No texto que será votado na Câmara, várias categorias profissionais conseguiram garantir a prerrogativa de porte funcional, tais como agentes de trânsito, advogados da União e motoristas de caminhão. Outros pontos do relatório que vêm sendo questionados é a diminuição de 25 para 21 anos da idade mínima para comprar armas e o aumento de 3 para 5 anos da validade do porte.
GOVERNO PREPARA DECRETO
Nem mesmo a bancada da bala, que domina a comissão, entrou em consenso a respeito de determinados pontos do relatório, o que levou a votação a ser adiada desde o dia 10 do mês passado. Um dos itens mais controversos é a facilitação da importação de armas. A proposta contraria a indústria local, que financiou a campanha de alguns dos deputados da comissão.

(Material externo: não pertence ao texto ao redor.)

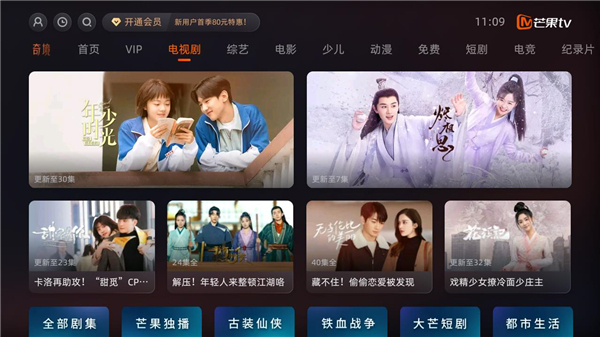 芒果TV电视版图4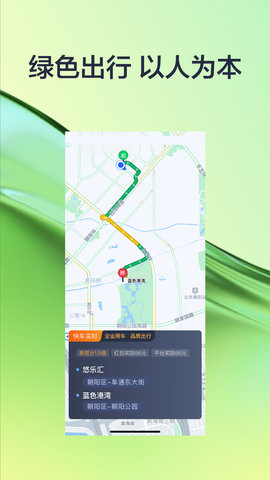 有序司机图3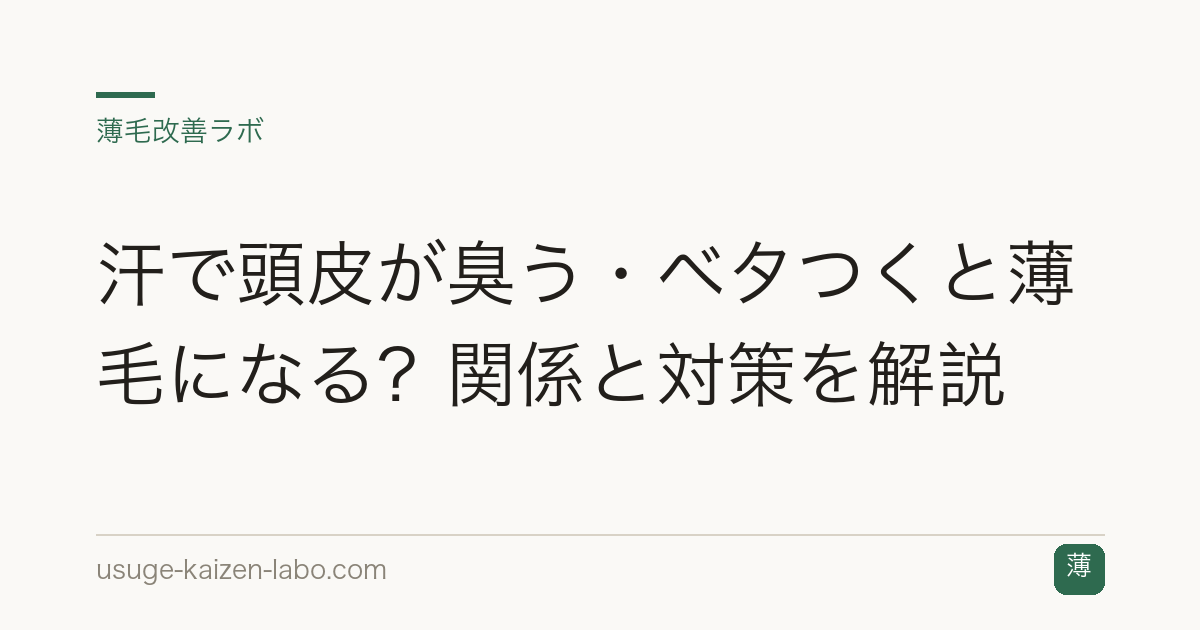 汗で頭皮が臭う・ベタつくと薄毛になる？関係と対策を解説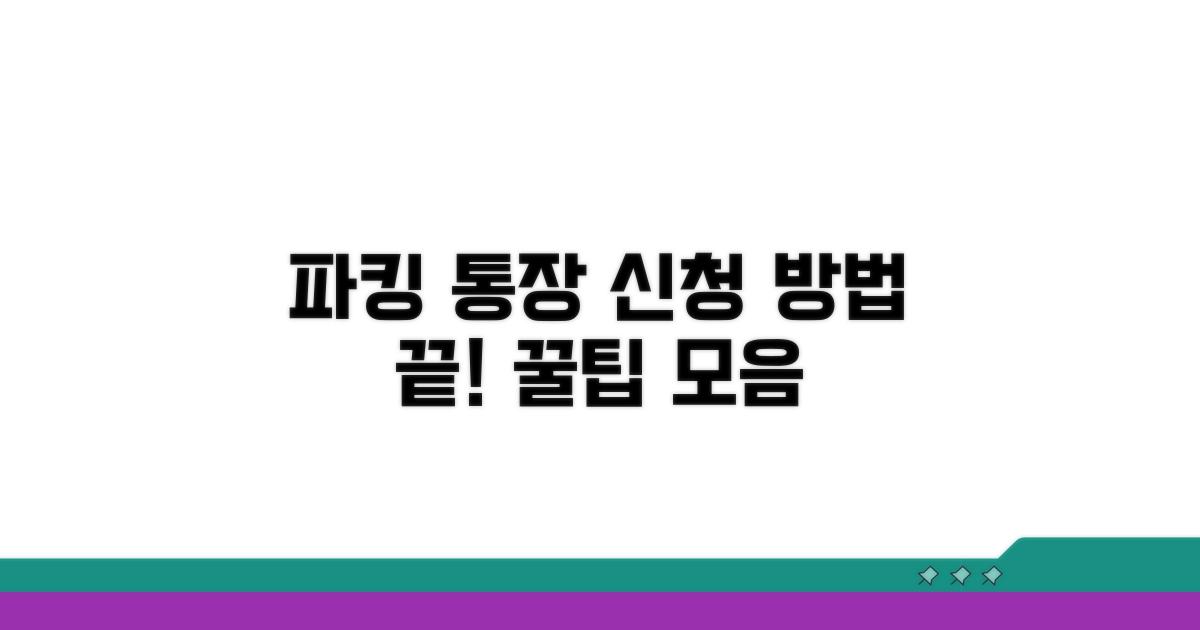 원하는 파킹 통장, 신청 방법 알아보기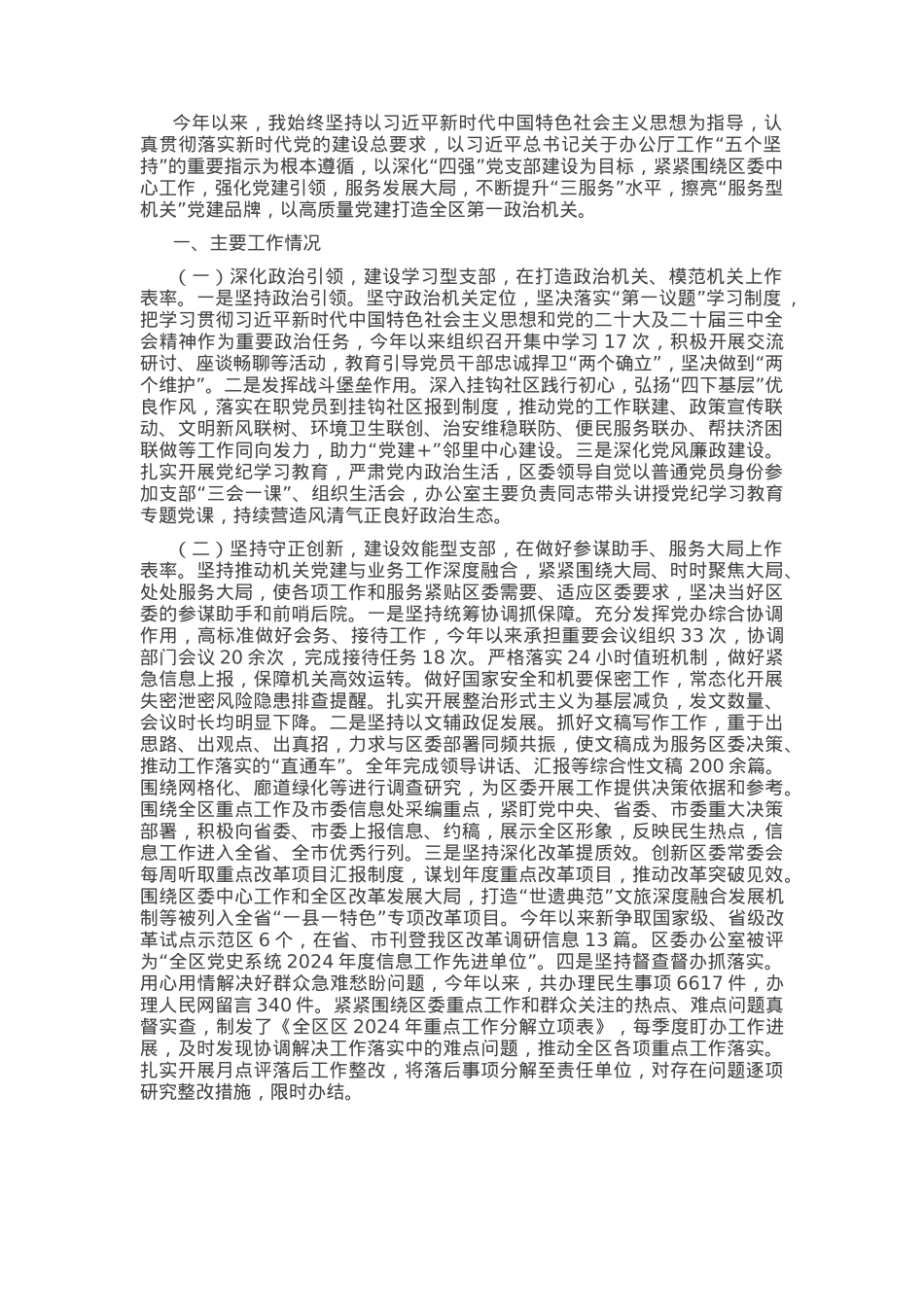 某区委办公室主任2024年述职述廉述党建工作报告.docx_第1页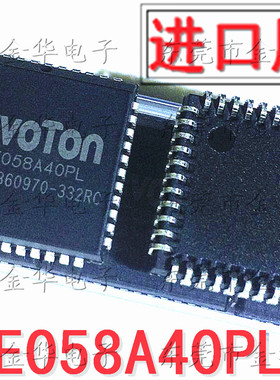 W77E058A40PL 进口原装 单片机 微控制器 元器件现货PLCC44 贴片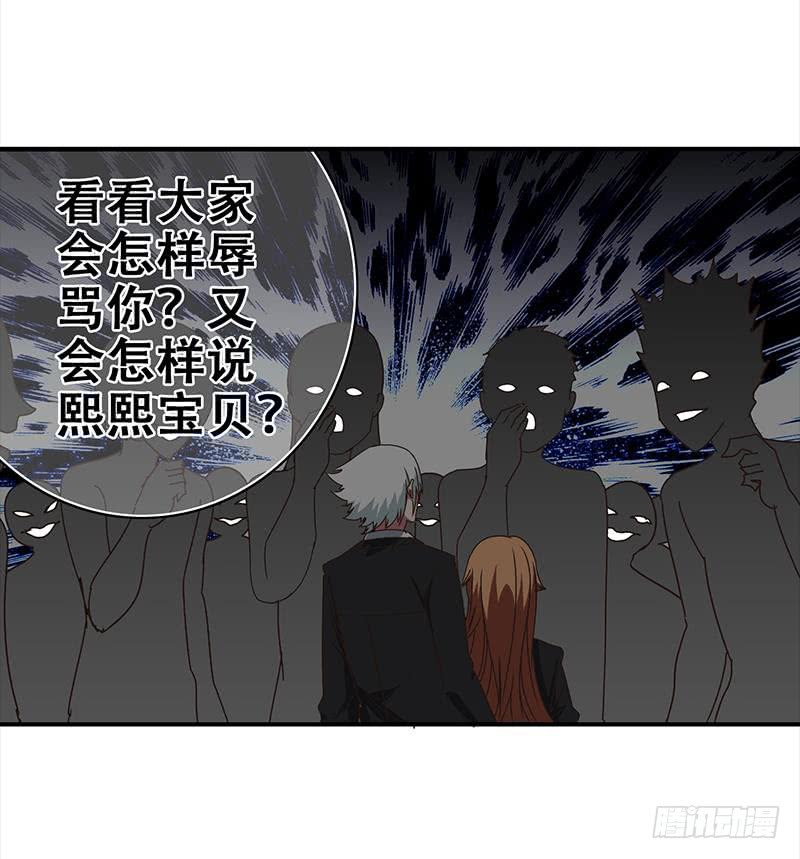 第48话 无耻之徒(1/2)-第49话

Na tentativa de barrar o avanço do projeto que esvazia o Estatuto do Desarmamento, pronto para ser votado em comissão especial da Câmara, o governo Dilma Rousseff prepara um decreto para ampliar a validade da posse de armas, de 3 para 5 anos. Essa é uma das propostas do texto que já foi encaminhado pelo Ministério da Justiça à Casa Civil.
A explicação do governo para a mudança é que o prazo atual de 3 anos para renovação da posse de arma não coincide com a validade do atestado de manuseio técnico, que é de 5 anos. O desencontro de datas, a partir da primeira renovação, desestimularia muitos proprietários a manter suas armas legalizadas, empurrando-os para a clandestinidade.

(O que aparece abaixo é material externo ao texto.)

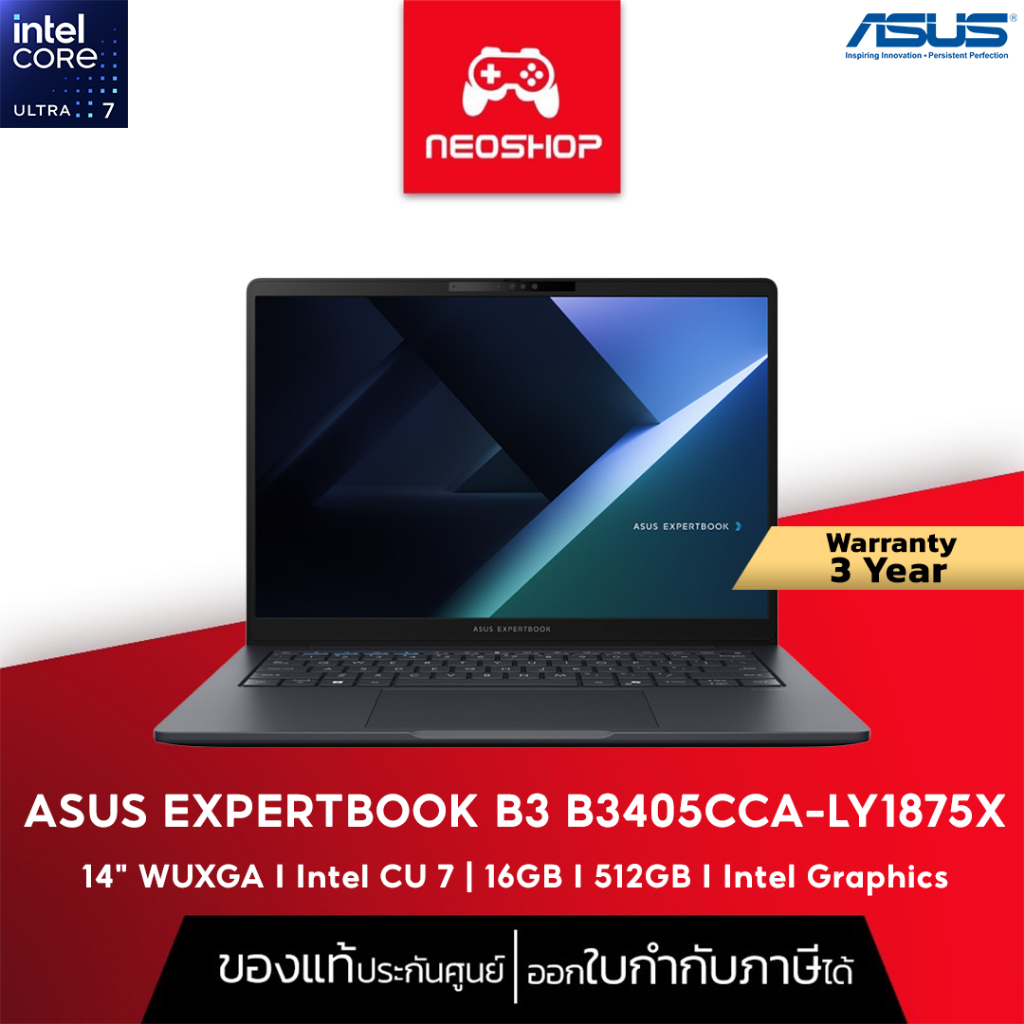 NOTEBOOK ASUS EXPERTBOOK B3 B3405CCA-LY1875X โน้ตบุ๊คสำหรับองค์กร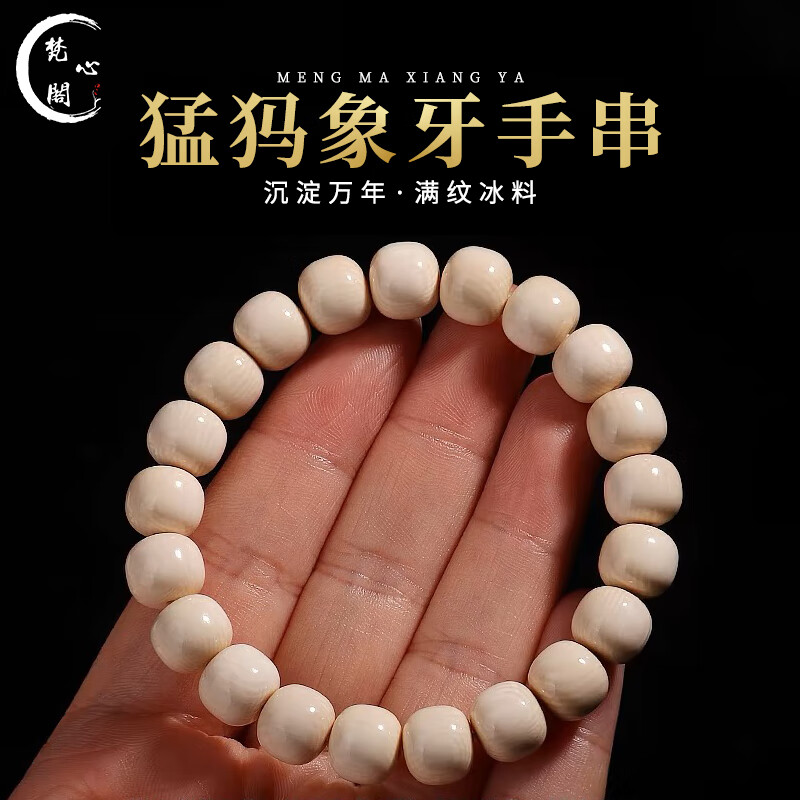 梵心閣猛犸象牙老型桶珠手串單圈高瓷度冰料滿紋男女文玩佛珠送禮臻選 9*10mm 21顆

O governo prega que as mudanças já vinham sendo discutidas há algum tempo internamente e que servirão para fortalecer o controle de armas no país, e não para atender reivindicações da bancada da bala. De acordo com o secretário de Assuntos Legislativos do Ministério da Justiça, Gabriel de Carvalho Sampaio, é natural que uma legislação passe por aperfeiçoamento:
— Já temos maturidade para fazer ajustes necessários na lei, visando o cidadão de boa fé que tem porte ou posse para sua segurança pessoal, além de outras situações pontuais — explica Sampaio.
O texto do decreto passou pelo Ministério da Defesa antes de ser encaminhado à Casa Civil. O Exército tem mostrado preocupação com a proposta que esvazia o Estatuto do Desarmamento na Câmara, especialmente porque traz regras que facilitam a importação de armas e munições, o que prejudicaria a indústria nacional de defesa, da qual empresas públicas fazem parte.